* _Data segment_
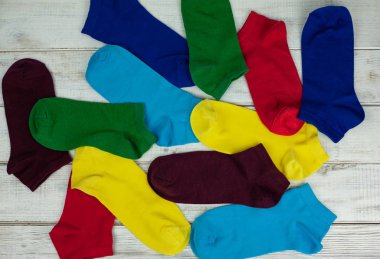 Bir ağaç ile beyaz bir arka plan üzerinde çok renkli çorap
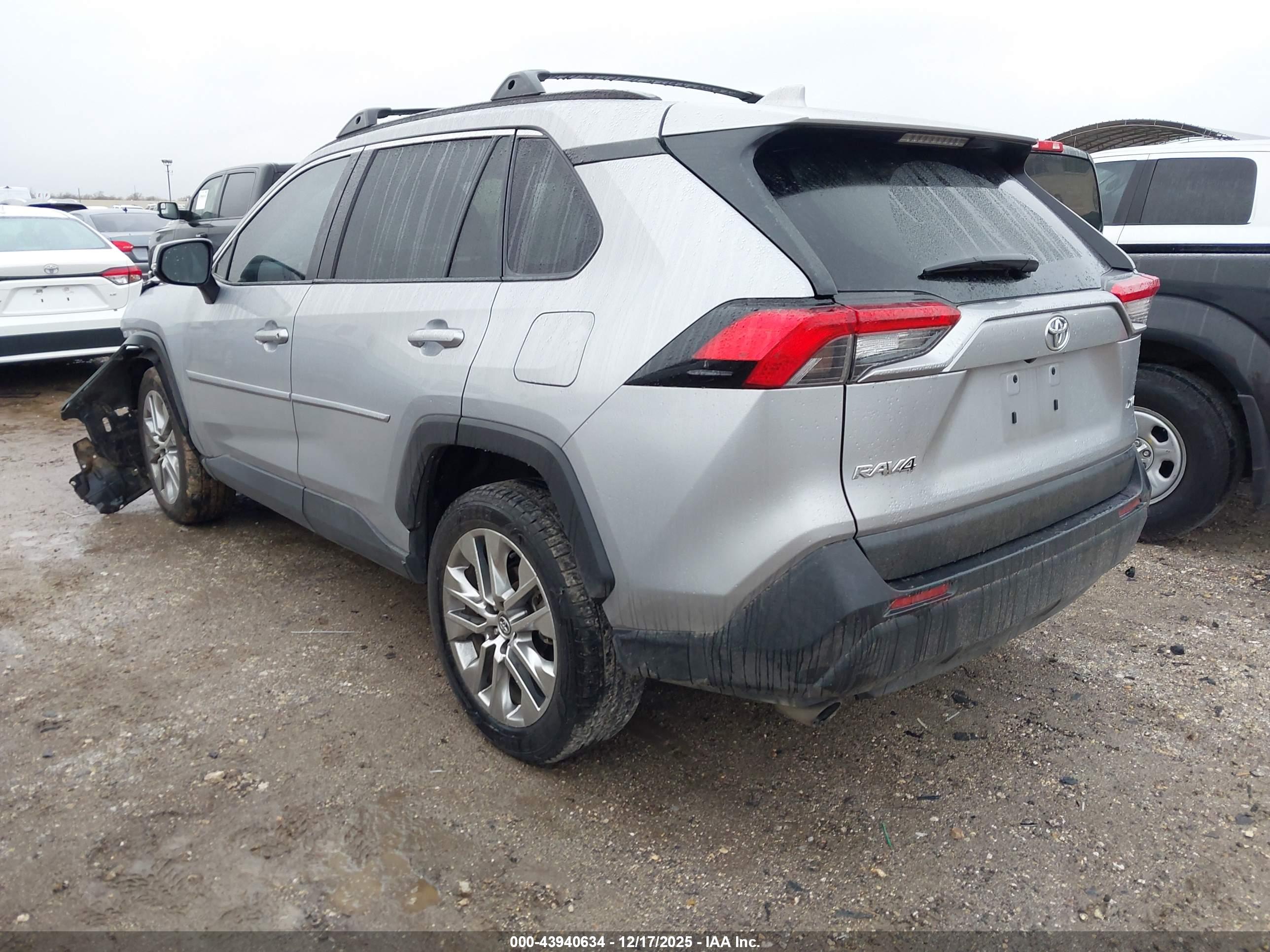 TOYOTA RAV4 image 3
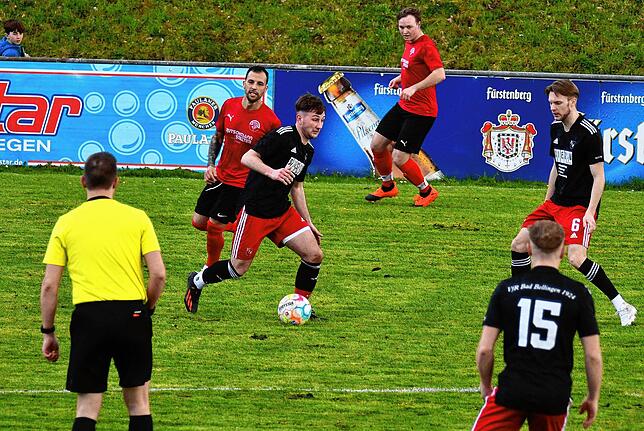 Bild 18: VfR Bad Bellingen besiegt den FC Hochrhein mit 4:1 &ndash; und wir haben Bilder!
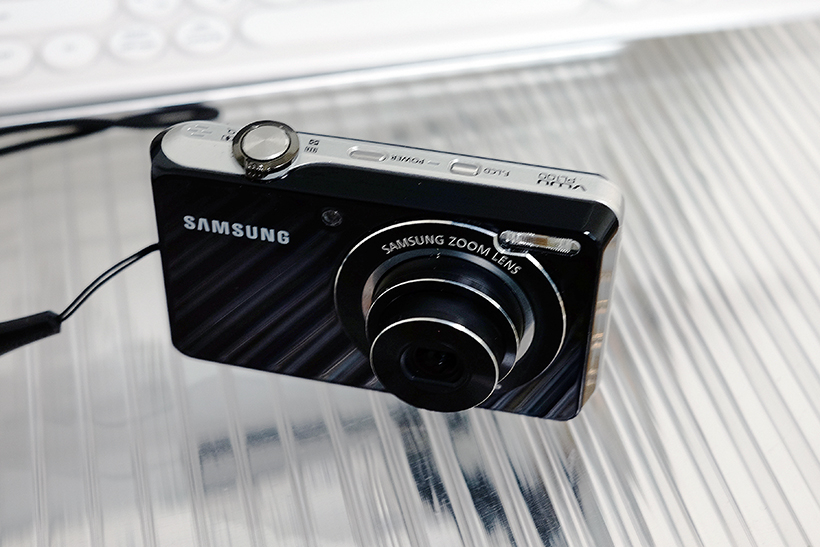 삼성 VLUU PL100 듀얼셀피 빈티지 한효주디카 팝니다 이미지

* _How to complete this task_
Leave the images out as you retype each line of the material exactly.

* _Written response_
 Bir ağaç ile beyaz bir arka plan üzerinde çok renkli çorap
 TOYOTA RAV4 image 3
 Bild 18: VfR Bad Bellingen besiegt den FC Hochrhein mit 4:1 &ndash; und wir haben Bilder!
 삼성 VLUU PL100 듀얼셀피 빈티지 한효주디카 팝니다 이미지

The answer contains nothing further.